Riconoscere la cittadinanza a chi nasce in un Paese non è un atto di generosità. È un dovere civile. Significa affermare che la partecipazione alla vita collettiva non dipende da un atto notarile o da un confine, ma dalla realtà vissuta. Dalla quotidianità condivisa, dalla scuola, dal lavoro, dalle relazioni.
Negare la cittadinanza, invece, è un gesto di esclusione. Vuol dire dire a una parte della società: “Tu non sei dei nostri”. È creare cittadini di serie B. È legittimare l’idea che l’identità sia eredità, e non progetto.

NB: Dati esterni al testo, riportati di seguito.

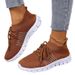 In-stock Spring/autumn Women's Shoes With Fly-knit Mesh Upper, Breathable Sneakers, Deep-cut Lace-up_vogvips.com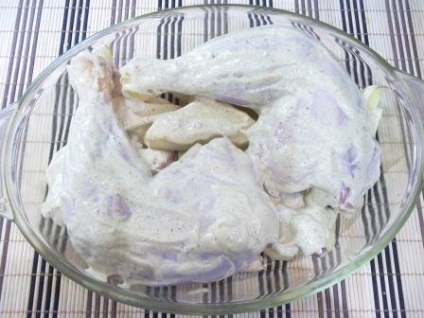 Csirkecomb a sütőben - burgonyával és fokhagymás
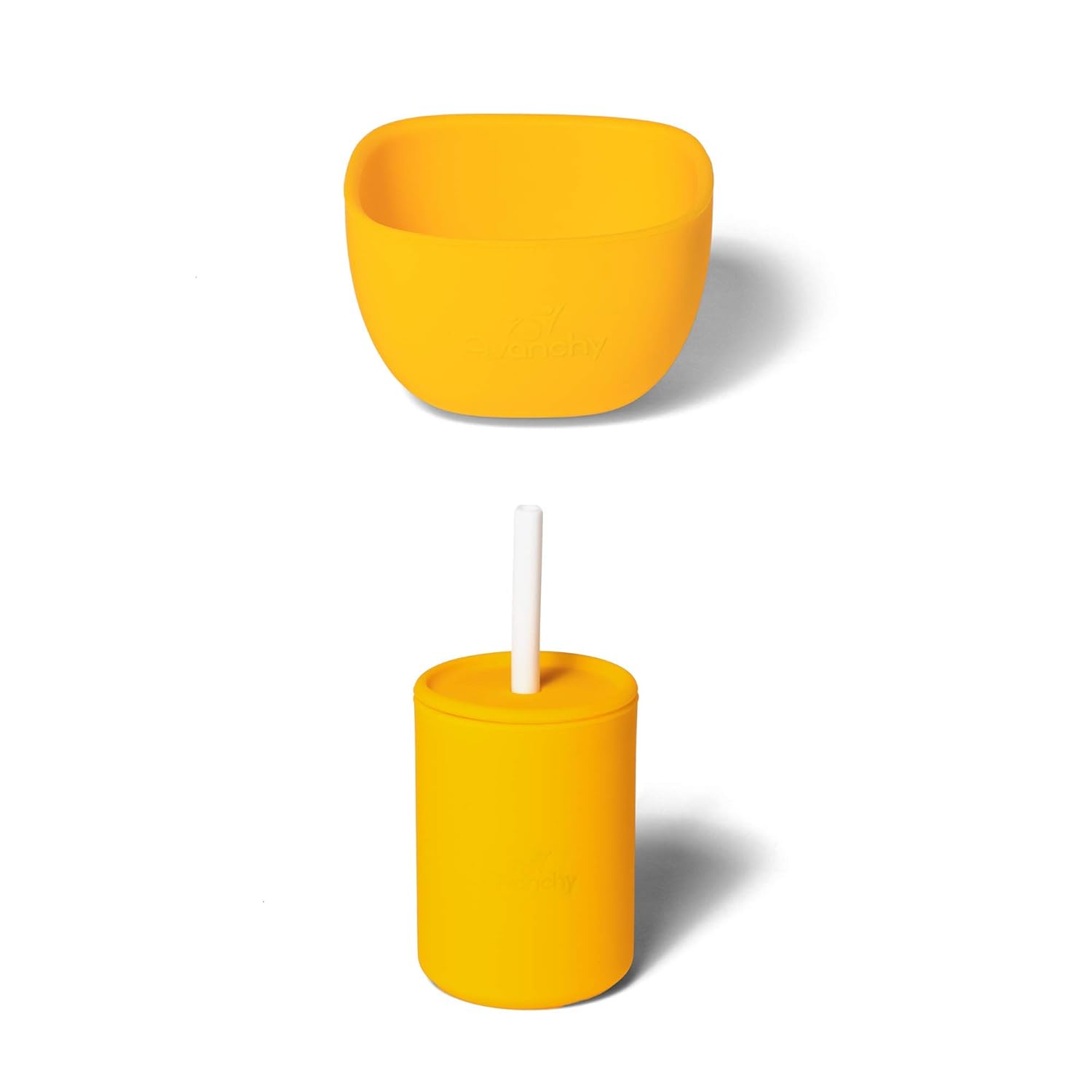 Avanchy La Petite Mini Silicone Bowl + Avanchy La Petite Mini Silicone Cup - Yellow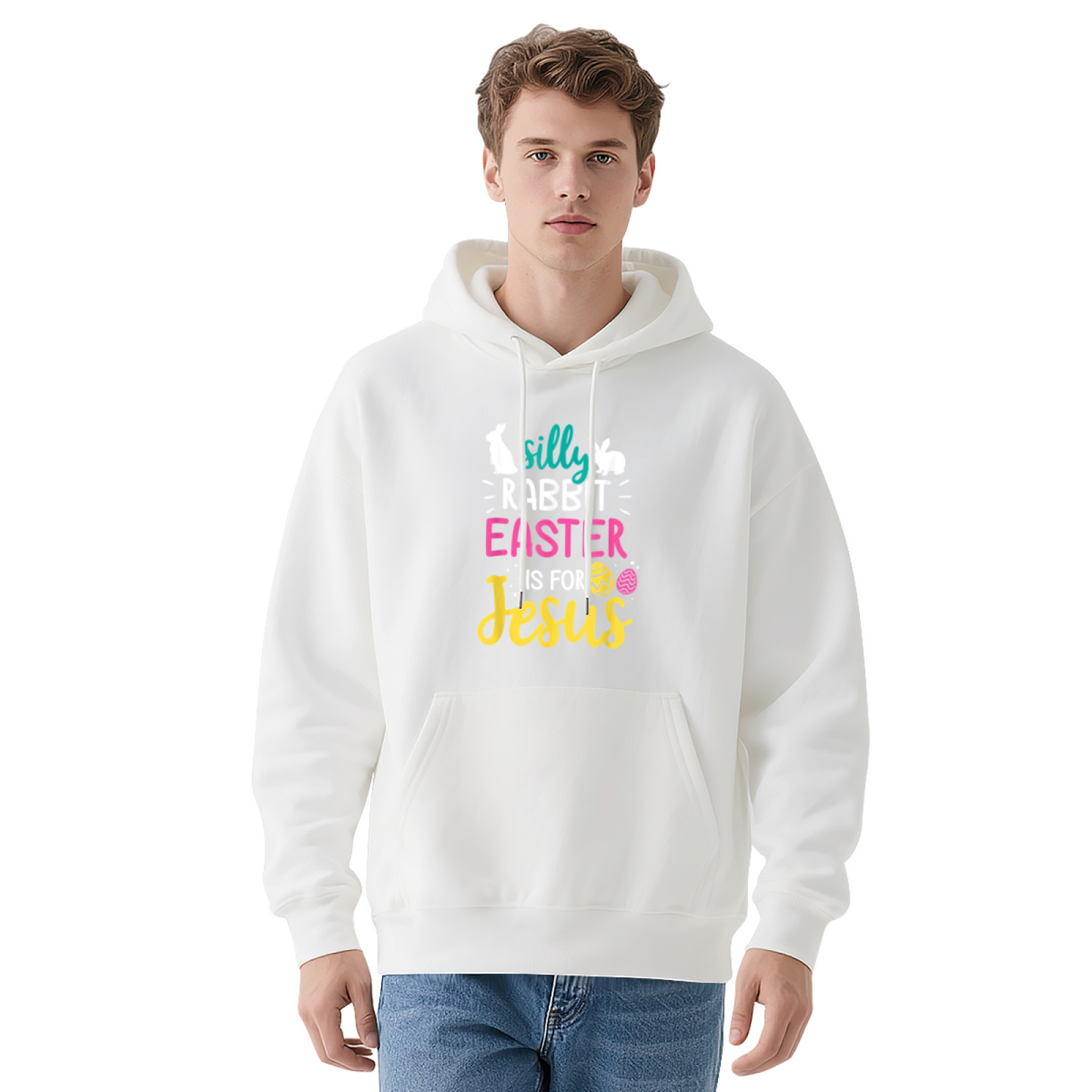 Silly Rabbit Easter Is For Jesus Red Hoodie, Unisex Religious Easter Comfort Top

Alla fine, la vera domanda è questa: chi decide chi siamo? Un documento, un confine, una legge? O, piuttosto, la vita che conduciamo, la comunità a cui partecipiamo, il luogo che scegliamo come casa?
L’udienza del 15 maggio sarà un momento cruciale per gli Stati Uniti. Ma il suo eco attraversa l’Atlantico. Perché in gioco c’è qualcosa che riguarda ogni democrazia: la capacità di includere, di riconoscere l’altro parte della società.
Mentre tutto si muove, cambia, migra, l’identità non può restare ferma. Deve camminare insieme alle persone. E la cittadinanza, oggi più che mai, non può essere un privilegio per pochi. Deve essere un diritto.